Selat Malaka adalah pemain kunci dalam jaringan dinamis perdagangan maritim dan pertukaran budaya yang membentang dari Timur sampai Barat. Sebagai tempat tumbuh dan berkembangnya Negara Maritim Islam dalam kurun waktu yang lama, dengan beberapa pelabuhan internasionalnya yang berada di gerbang Selat Malaka, Aceh telah menerima banyak limpahan kebudayaan, termasuk dari pusat-pusat Islam. Berangkat dari itu semua, tentunya Aceh memiliki peti penyimpanan (𝘬𝘩𝘢𝘻𝘢𝘯𝘢𝘩) seni Islam yang kaya. Oleh karenanya penting bagi kita (generasi Aceh) membuka dan mengenali hartanya, kemudian menyusun, merapikan, dan mengaplikasikannya kembali menyesuaikan kemajuan zaman.
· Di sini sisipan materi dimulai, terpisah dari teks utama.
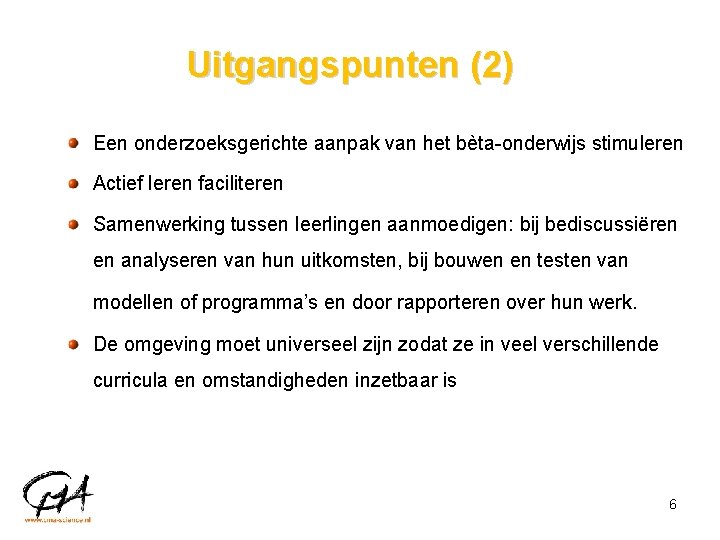 Uitgangspunten (2) Een onderzoeksgerichte aanpak van het bèta-onderwijs stimuleren Actief leren faciliteren Samenwerking tussen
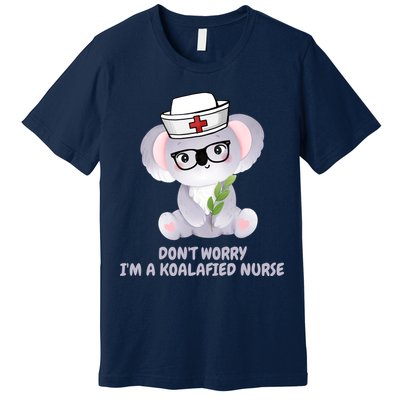 Funny Nurse Gifts, Koala Koalafied Nursing Qualified Premium T-Shirt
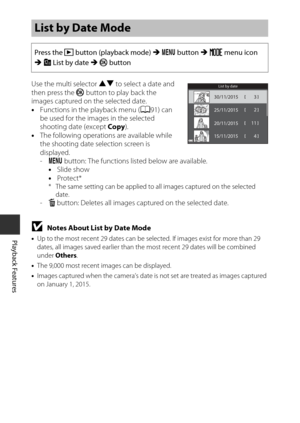 Page 8060
Playback Features
Use the multi selector HI to select a date and 
then press the  k button to play back the 
images captured on the selected date.
• Functions in the playback menu (A 91) can 
be used for the images in the selected 
shooting date (except  Copy).
• The following operations are available while 
the shooting date selection screen is 
displayed. 
-d  button: The functions listed below are available.
• Slide show
• Protect*
* The same setting can be applied to all images captured on the...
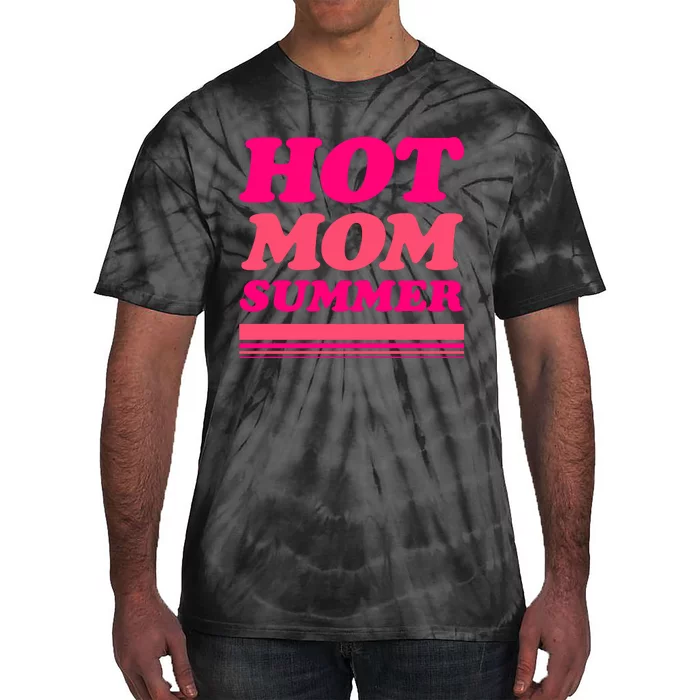 Hot Mom Summer Tie-Dye T-Shirt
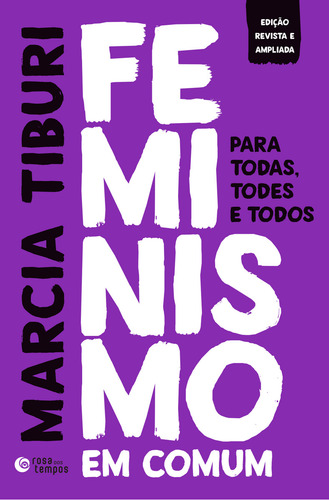 Livro Feminismo Em Comum Para Todas, Todes E Todos de Marcia Tiburi Edição 1 Português 2023 Editora Rosa Dos Tempos
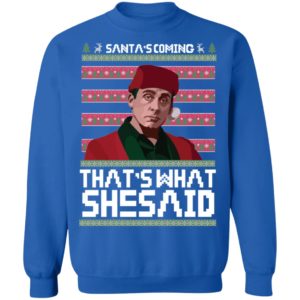 Michael Scott Santa's Coming That's What She Said Ugly Christmas Shirt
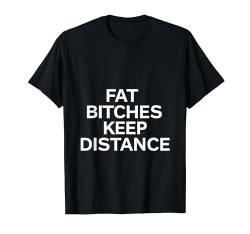 Fat Beaches Keep Distance Mann Frau Junge Mädchen Erwachsene Humor Spaß T-Shirt von Fat Beaches Keep Distance Funny Man Woman Boy Girl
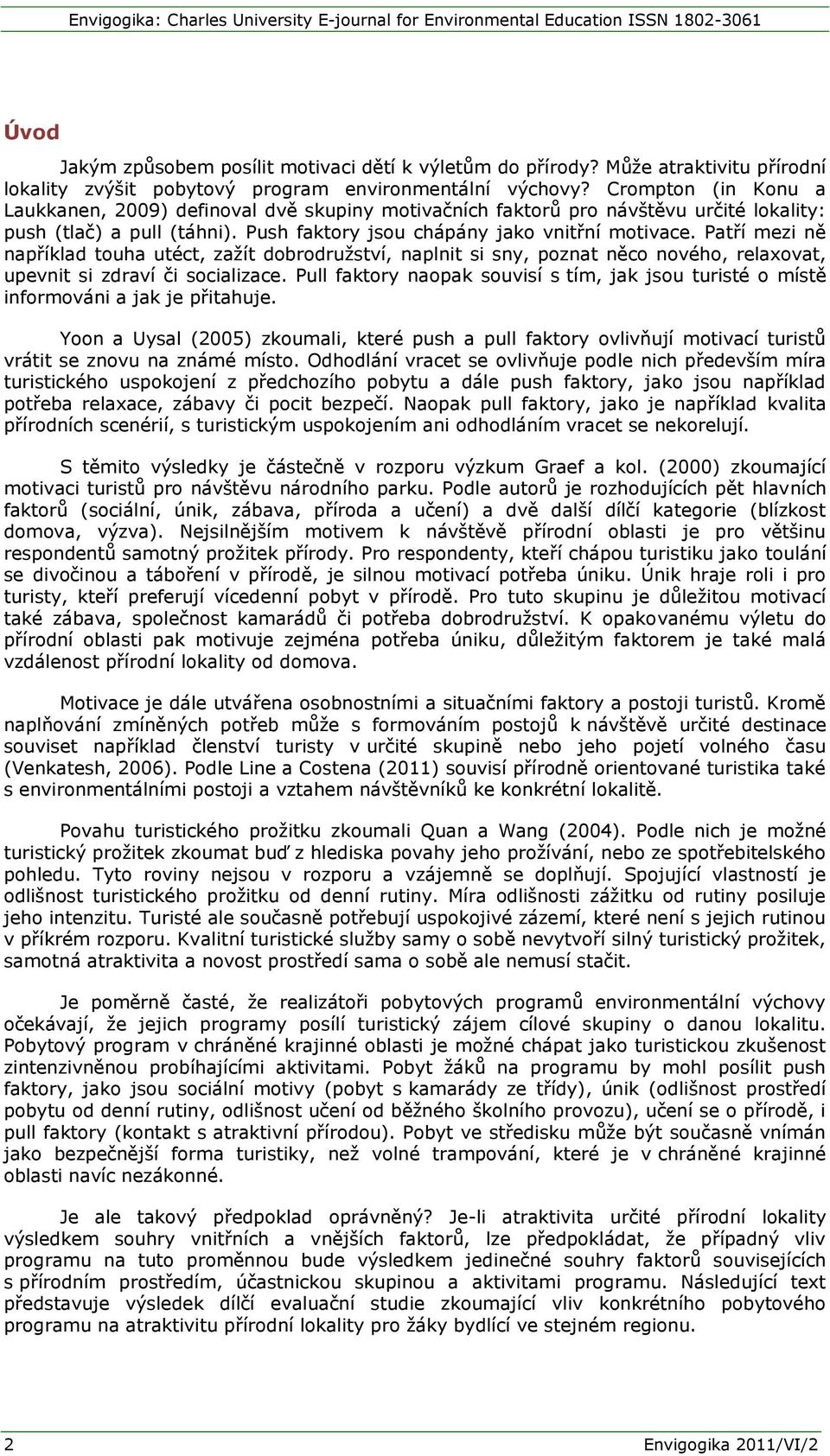 Patří mezi ně například touha utéct, zažít dobrodružství, naplnit si sny, poznat něco nového, relaxovat, upevnit si zdraví či socializace.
Dalam Islam penghindaran gambar makhluk hidup (Anikonisme) sangat ditekankan. Meski tidak sepenuhnya ditinggalkan (karena perbedaan interpretasi), yang kebanyakan terjadi di wilayah bukan penutur Arab, seperti miniatur pada manuskrip dan keramik Persia, juga tradisi lainnya seperti miniatur 'Utsmani dan lukisan Mughal. Di Aceh, anikonisme terlihat jelas pada warisan seninya. Walaupun sebagian pemerhati seni mencurigai adanya penggunaan secara abstrak bagian anatomi hewan tertentu seperti sayap, tanduk, sisik, dan sebagainya untuk desain batu nisan; tapi tampaknya dimaksudkan untuk menambah estetika atau memasukkan nilai filosfis tersendiri, bukan dengan tujuan penggambaran hewan yang sesungguhnya. Baru sekitar akhir abad ke-19 atau awal abad ke-20, Teuku Teungoh memelopori miniatur Aceh yang terpengaruh oleh miniatur Persia atau 'Utsmani dengan menampilkan penggambaran manusia, hewan, dan juga citra Buraq-palsu tiruan Persia, yang asalnya adalah "Sphinx" mahluk mitologi pra-Islam; yang patungnya banyak dijumpai di Persia, Mesir, dan Yunani. Citra Buraq-palsu tersebut terus ditiru dengan berbagai variasi sebagai salah satu ornamen arsitektur tradisional di Aceh sampai kuartal ketiga abad ke-20.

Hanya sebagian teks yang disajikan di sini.